Houghton Mifflin Harcourt Says No New Books to Be Acquired for Now

Now comes news that the Houghton Mifflin Harcourt Publishing Co. has put a "temporary" freeze on its acquisition of new titles. The publisher is owned by an Irish company that went some seven billion dollars in debt in separate acquisitions of Houghton Mifflin and Harcourt in order to combine them into their present form. (Boston is home to the publisher) has the details:
The acquisitions were financed with borrowed money; president Jeremy Dickens told The New York Times that EMPG is paying $500 million per year on its $7 billion debt.
Still, some publishing executives found the move puzzling, even for a contemplated sale. "If you put a company up for sale, you do want to be acquiring new books," said Drake McFeely, chairman and president of W.W. Norton & Co. "You don't want to offer only the backlist, but also a forward list. It's my observation that you would expect a higher price, not a lower price, with new acquisitions."

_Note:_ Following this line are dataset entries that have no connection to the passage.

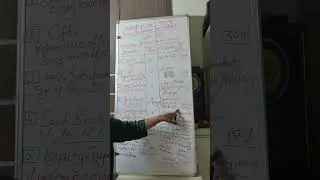 User Plan Benefit Modicare 2023 June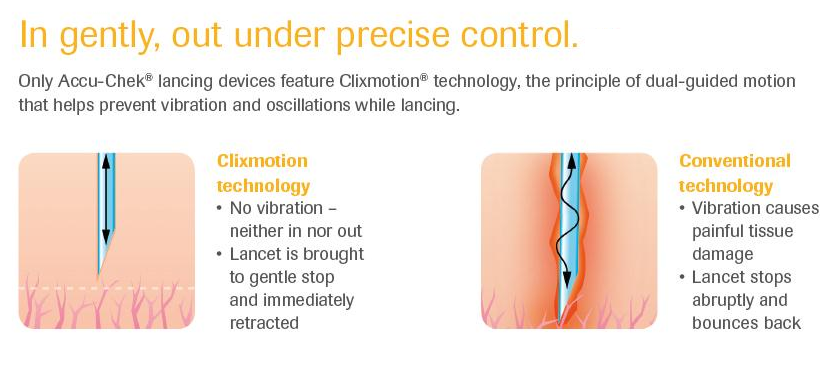 Clixmotion1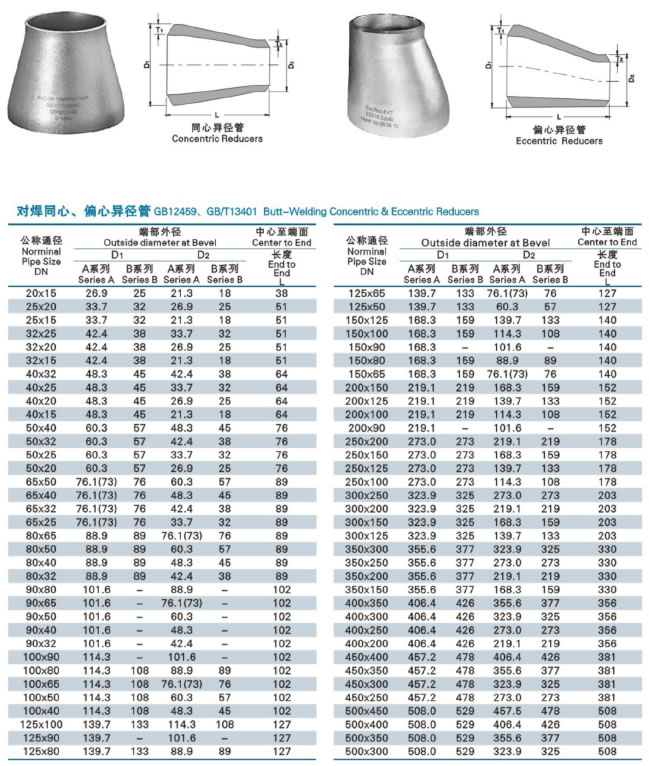 Stainless Steel Butt Welding Concentric And Eccentric Reducer stainless-steel-butt-welding-concentric-and-eccentric-reducer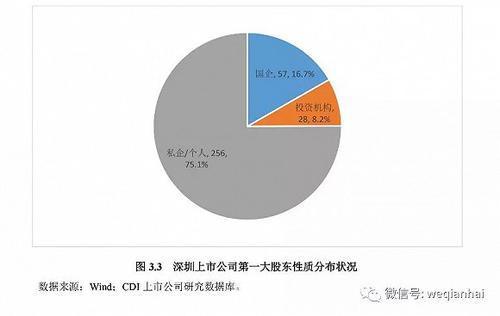 首份《深圳上市公司發(fā)展報告》出爐，匯頂科技榜上有名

The backlist can represent a huge part of a publisher's income. In recent years, Houghton's backlist has brought in as much as 80 percent of its trade profits. "Any one of us would love to have Houghton Mifflin's and Harcourt's backlists," McFeely said. "Houghton has J.R.R. Tolkien, the Peterson field guides, Philip Roth. Harcourt has T.S. Eliot, Robert Penn Warren. Both lists are gems. But I'd guess they'd have a hard time finding a buyer who would pay what they paid."
"I think it's heartbreaking that decisions made by a series of corporate owners are decimating two venerable publishers," said Wendy Strothman, a former Houghton executive who is now a Boston literary agent. "It was their hubris in taking on so much debt when anyone could see that the economy was weakening. The editing and marketing operations pursued quality, and were creative. It's not about the books; it's about the gross mismanagement of the owners."
This last bit is the saddest part of this whole story - poor management decisions seem to be behind the decision to sell the publisher again while, in the meantime, a desperate cutback to conserve cash is put into place. With a liability of $500 million interest per year on this huge debt, the Irish owners have severely weakened Houghton Mifflin Harcourt's chances of surviving in today's economic environment.

HMH spokesman Josef Rosenfeld has denied that the publisher is in the midst of a "freeze, offering this statement in explanation of what is happening:
"A headline about a freeze is very appealing, but in reality all we're doing is taking a good, hard look at everything that comes in, much the way this company is watching all expenses and expenditures," "It's just a higher degree of scrutiny.
If that gives you the impression of a man blowing smoke, don't feel bad. I get the same impression. This, unfortunately, is a company in big financial trouble and what happens next is anyone's guess.